The attorney-General's refusal yesterday to request an inquest into the death of Dr David Kelly was furiously condemned by campaigners, who are now planning a legal challenge.
Dominic Grieve ruled there was "overwhelming" evidence the scientist – identified as the source for claims the government's case for invading Iraq was "sexed up" – took his own life.
He offered his "sincere sympathy" to the scientist's family, "not simply for their loss, great though that undoubtedly is, but for having to bear that loss in the glare of intrusive publicity over such a long period of time". And he expressed his hope that for the sake of the family "a line can now be drawn under this matter".
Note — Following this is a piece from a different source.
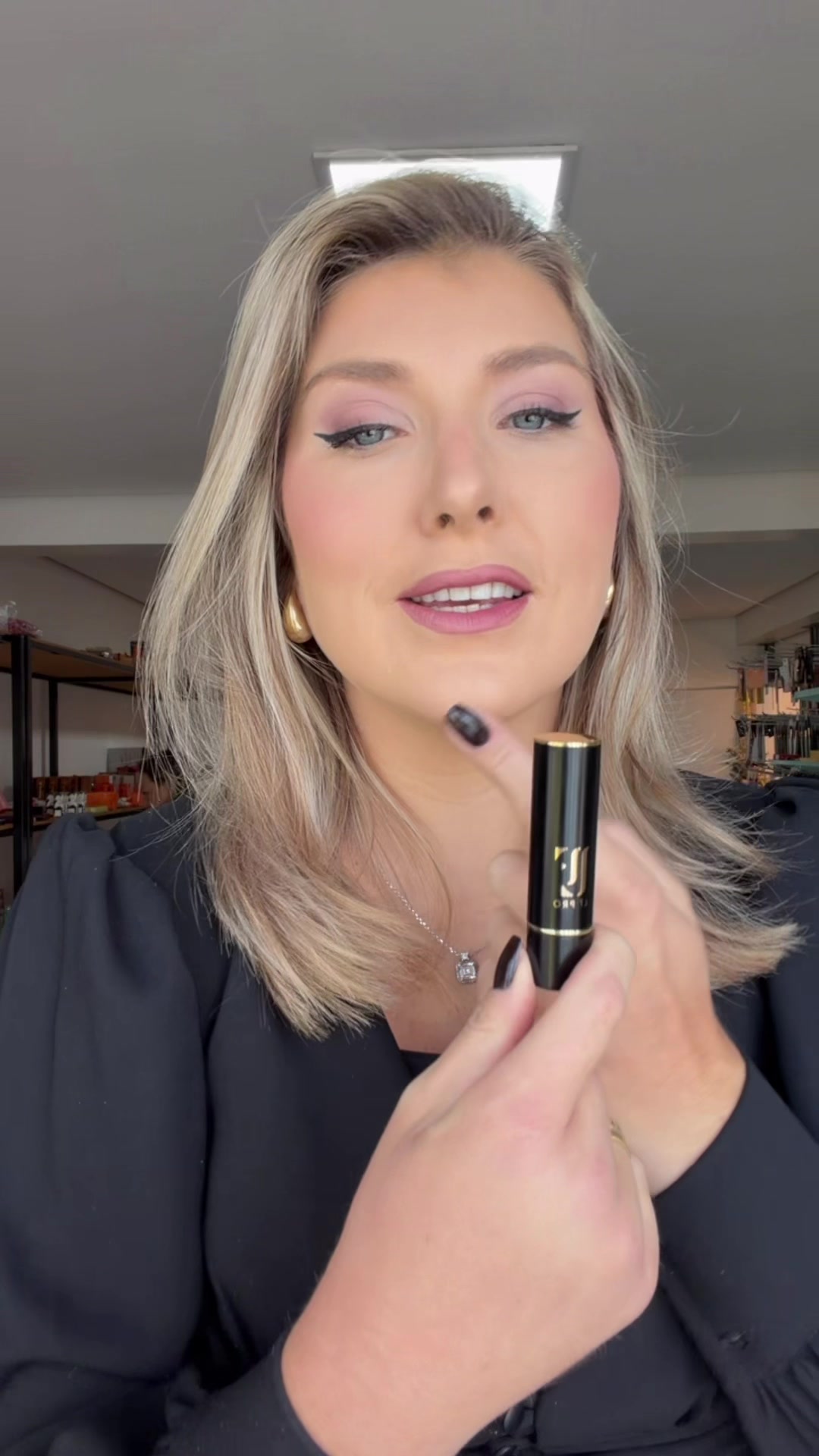 @SuperGloss Beauty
But the controversy looks set to continue with campaigners announcing they will seek a judicial review of Mr Grieve's decision. Dr Stephen Frost, who has led a group of campaigning doctors, said the decision was "deeply flawed" with "no basis in law". Calling the continuing "cover-up of the truth" a "national disgrace", he said they were "perplexed and outraged" and called for Mr Grieve to resign.
Dr Kelly's body was found in woods near his Oxfordshire home in 2003, shortly after he had been revealed as the source of a BBC report claiming a government dossier had been sexed up. The respected weapons inspector died aged 59, two days after he had faced MPs' questioning.
His wife Janice and their daughters said he had become desperate and broken-hearted by the entire affair.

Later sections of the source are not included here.